Mesmo com 15 anos de experiência e o trabalho paralelo em três unidades, sendo duas UTIs e uma emergência, áreas de elevada complexidade, Luciana ganha somente 35% acima do piso fixado na lei. Como seu filho com limitações requer tratamento contínuo, ela espera poder alcançar a renda necessária sem manter tantos empregos, melhorando sua qualidade de vida. Embora a sanção da lei seja recente, a técnica diz ter percebido uma tendência das empresas aumentarem as funções dos profissionais.
“Em percentual a representação do piso na folha de pagamentos de enfermeiros gira em torno de 50% e na de técnicos em torno de 120% de aumento. É um impacto alto, e essas Santas Casas e hospitais já vinham com dificuldade devido ao endividamento, ao subfinanciamento do SUS, a contratos com gestores congelados há mais de dez anos, e a gente só sofrendo reajustes na parte dos custos: material, medicamento, insumos, mão de obra…”, declara. Segundo a Federação, a média salarial dos enfermeiros que atuam em filantrópicas na Bahia é de R$ 3 mil.
“Não havendo uma decisão (da ADI) até o final do mês, quando estaremos fechando as folhas de pagamento, nós precisaremos decidir, de forma coletiva, pelo não cumprimento da lei ou, se vamos cumprir, ver de que forma cumpriremos, porque as unidades não têm caixa para isso”, lamenta Dora.
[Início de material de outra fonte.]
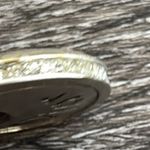 Christian Dior Vintage Women’s Silver/Gold Tone Pendant White Stone Photo 3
Conforme determinado na Lei, apenas o setor público poderá adotar o piso em janeiro de 2023, para os demais contratantes, sua aplicação é imediata.
Privado
A implantação do piso aumentará em 56% a folha de pagamento dos hospitais privados, segundo o presidente da Associação de Hospitais e Serviços de Saúde do Estado da Bahia (Ahseb), Mauro Adan. Ele afirma reconhecer a importância desses profissionais, mas avalia o reajuste como “completamente inviável e um risco ao sistema de saúde da Bahia”.
Adan preferiu não cravar uma média salarial para a categoria, argumentando a grande variabilidade de valores a depender do grau de complexidade do trabalho desenvolvido e o nível de especialização exigido. “Provavelmente virão muitas demissões, porque muitos leitos vão ser fechados, como consequência, não por retaliação”, declara Adan.
“Vai aumentar o custo do atendimento, esse custo vai ter de ser repassado para os planos de saúde, os planos de saúde vão ter que majorar os preços, e muitas pessoas que estão no sistema de saúde suplementar vão ter de sair”, pondera Adan, imaginando uma sobrecarga ainda maior no SUS, que terá de absorver esse público saído do sistema suplementar.
Em nota, a Associação Brasileira de Planos de Saúde (Abramge), afirma “é justa a valorização dos profissionais de enfermagem, mas, sem o correspondente custeio, esse processo ameaça gravemente a manutenção do acesso à saúde da população brasileira. É necessário, portanto, a definição - com a máxima urgência - dessas fontes de custeio, o que deveria ter sido feito antes mesmo da sanção da Lei”.